The WP article later says: "On the other hand, "positive" test results for adverse selection have been reported in health insurance,[8] long-term care insurance[9] and annuity markets.[10]". The reference #9 is Finkelstein, A.; McGarry, K. (2006). "Multiple dimensions of private information: evidence from the long-term care insurance market". American Economic Review 96 (4): 938–958.
Then if you go to the actual paper by Nathaniel Hendren, linked to by the Slate article, you'll read:
"""Previous research has found minimal or no evidence of private information using the revealed preference approach in these settings. In life insurance, Cawley and Philipson [1999] find no evidence of adverse selection. He [2009] revisits this with a different sample focusing on new purchasers and does find evidence of small amounts of adverse selection. In long-term care, Finkelstein and McGarry [2006] find direct evidence of private information by showing subjective probabilities are correlated with subsequent nursing home use. However, they find no evidence that this private information leads to adverse selection in the form of a correlation between insurance purchase and subsequent losses in the LTC insurance market.35 To our knowledge, there is no previous study of private information in the non-group disability market."""

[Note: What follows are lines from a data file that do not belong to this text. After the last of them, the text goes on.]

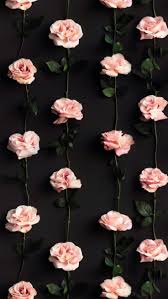 Beautiful Flowers Pattern Roses Flowers Photography Wallpaper Flower Background Wallpaper Flower Phone Wallpaper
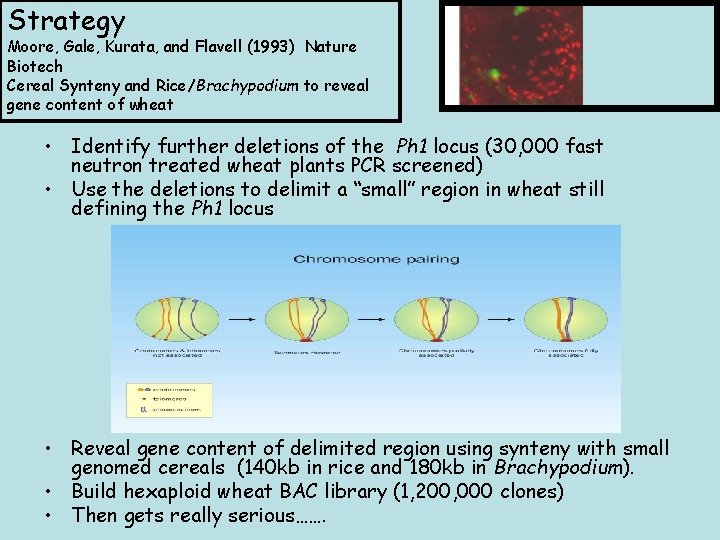 Strategy Moore, Gale, Kurata, and Flavell (1993) Nature Biotech Cereal Synteny and Rice/Brachypodium to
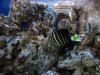 sailfin02.jpg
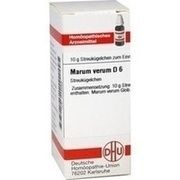 DHU-Arzneimittel MARUM VERUM D 6 GLOBULI, 10 g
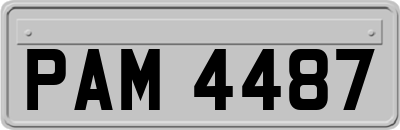 PAM4487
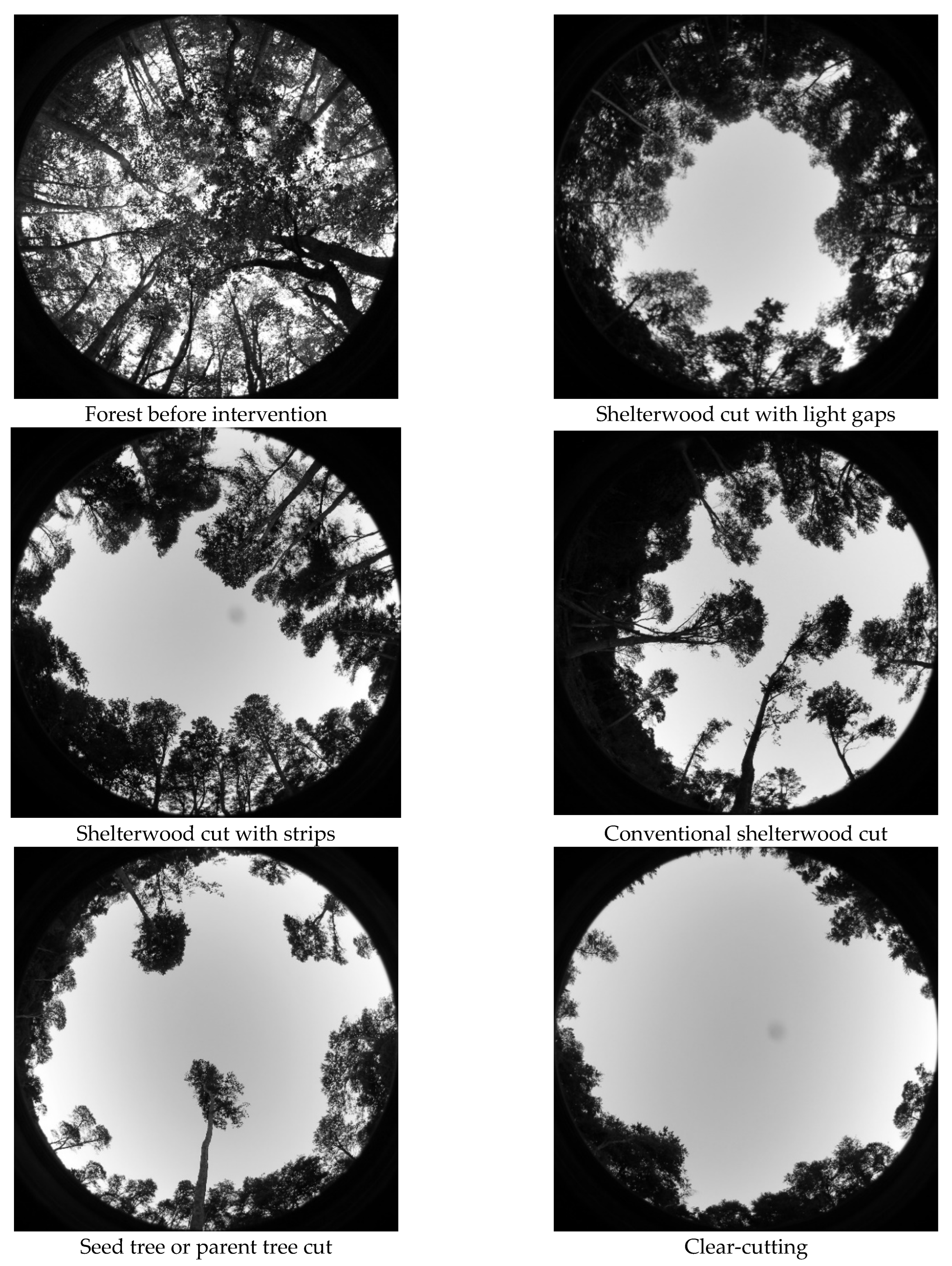 Forests 15 00134 g002 Forests 15 00134 g002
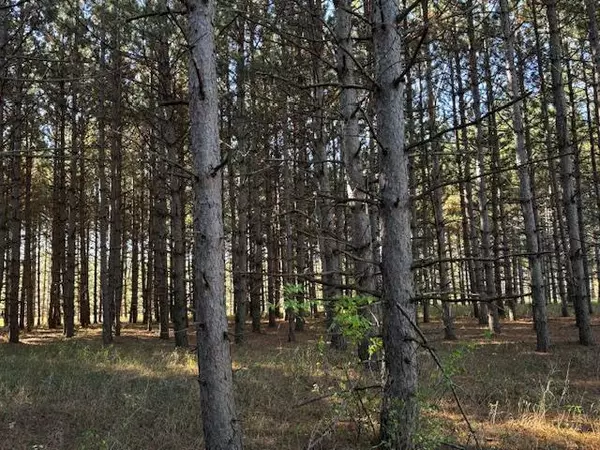 Carlos, MN 56319,xxx Emerald Court NE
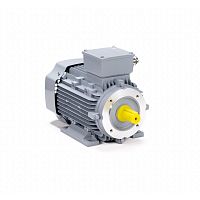 Эл.двигатель ESQ PR 80 A4-SDN-Б1-S12-IE2 0.55/1500 IM B34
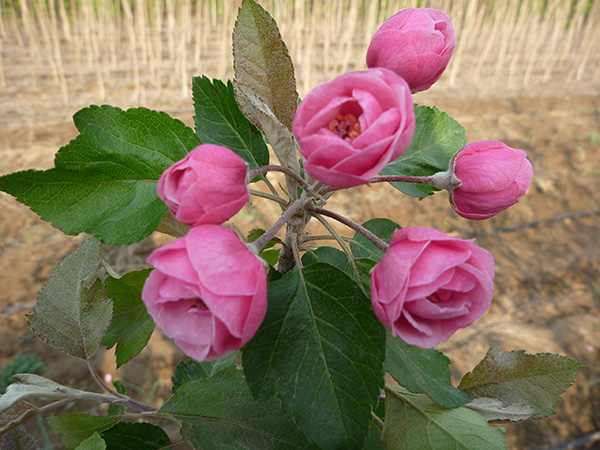 玫瑰海棠-含苞待放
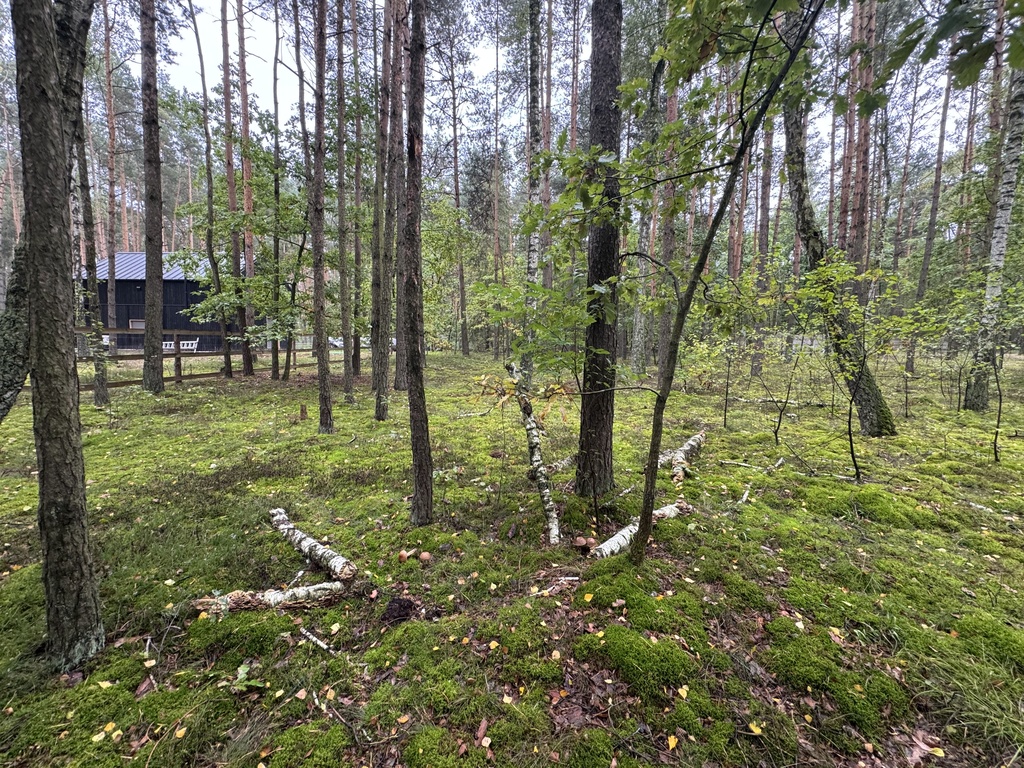 Twoje prywatne grzyby Działka 1993 m² Nowy Adamów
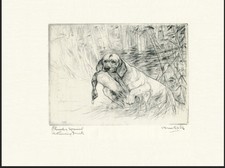 CLUMBER SPANIEL AND DUCK OLD 1936 VERNON STOKES GUNDOG DOG ART PRINT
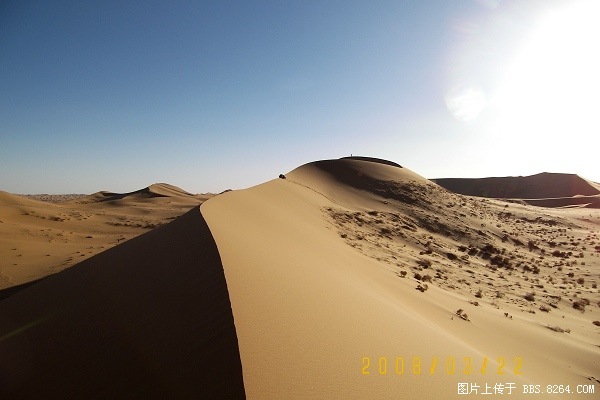 100_8145.jpg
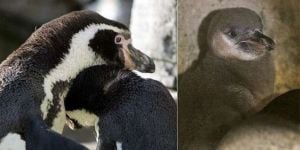 Curiosities and bonus pictures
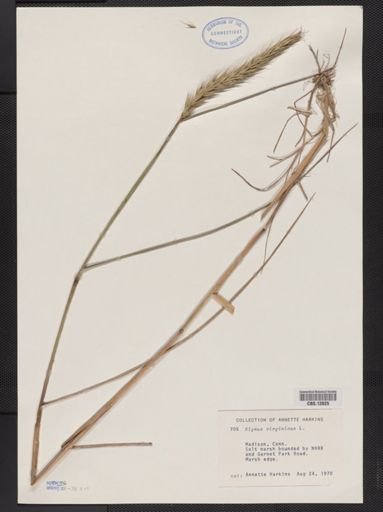 Elymus virginicus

In other words, WP's "'positive' test results" isn't as strongly positive as you might think from that short WP summary. The finding from this paper is the development of a more useful model of the problem which can make more concrete statements like: "For those who would be rejected, private information imposes a barrier to trade equivalent to an implicit tax on insurance premiums of roughly 65-75% in long-term care, 90-130% in disability, and 65-130% in life insurance."
That could not have been done using the information in the Wikipedia article.
You complained about two things: that there are no new findings, and that the Slate article could have been writing from the Wikipedia article. I think I've shown that there are definite new findings in the actual report. It was interesting enough, after all, to get the researcher "offers from economics departments at Harvard, Stanford, and Princeton."
As to the quality of the Slate article - the entire first half is meant for someone who has never heard of "adverse selection", and it explains the topic much better than the WP article does. It then covers some of the research methodology, and describes the policy impact and ties to changes in US insurance law and politics. None of the last half is covered in the Wikipedia article.